• DATA PROVIDED:
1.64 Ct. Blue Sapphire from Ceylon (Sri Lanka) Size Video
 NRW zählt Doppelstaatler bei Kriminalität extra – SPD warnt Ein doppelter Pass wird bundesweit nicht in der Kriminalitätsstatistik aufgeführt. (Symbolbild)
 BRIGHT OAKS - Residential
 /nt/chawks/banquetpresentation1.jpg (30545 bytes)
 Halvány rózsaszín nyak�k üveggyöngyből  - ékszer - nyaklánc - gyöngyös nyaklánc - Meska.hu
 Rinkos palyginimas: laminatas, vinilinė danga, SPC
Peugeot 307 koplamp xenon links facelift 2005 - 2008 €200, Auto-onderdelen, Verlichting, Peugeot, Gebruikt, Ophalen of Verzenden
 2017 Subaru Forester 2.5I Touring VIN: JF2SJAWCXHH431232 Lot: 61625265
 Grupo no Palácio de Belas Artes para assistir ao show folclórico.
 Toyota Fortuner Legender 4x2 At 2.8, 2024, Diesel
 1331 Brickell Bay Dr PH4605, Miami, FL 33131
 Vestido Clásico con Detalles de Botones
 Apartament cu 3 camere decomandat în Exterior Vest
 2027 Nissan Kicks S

• WORK REQUEST:
Only the lines from the opening of the material through the line with "1331 Brickell Bay Dr PH4605, Miami, FL 33131" should be echoed, exactly as written.

• TASK RESULT:
1.64 Ct. Blue Sapphire from Ceylon (Sri Lanka) Size Video
 NRW zählt Doppelstaatler bei Kriminalität extra – SPD warnt Ein doppelter Pass wird bundesweit nicht in der Kriminalitätsstatistik aufgeführt. (Symbolbild)
 BRIGHT OAKS - Residential
 /nt/chawks/banquetpresentation1.jpg (30545 bytes)
 Halvány rózsaszín nyak�k üveggyöngyből  - ékszer - nyaklánc - gyöngyös nyaklánc - Meska.hu
 Rinkos palyginimas: laminatas, vinilinė danga, SPC
Peugeot 307 koplamp xenon links facelift 2005 - 2008 €200, Auto-onderdelen, Verlichting, Peugeot, Gebruikt, Ophalen of Verzenden
 2017 Subaru Forester 2.5I Touring VIN: JF2SJAWCXHH431232 Lot: 61625265
 Grupo no Palácio de Belas Artes para assistir ao show folclórico.
 Toyota Fortuner Legender 4x2 At 2.8, 2024, Diesel
 1331 Brickell Bay Dr PH4605, Miami, FL 33131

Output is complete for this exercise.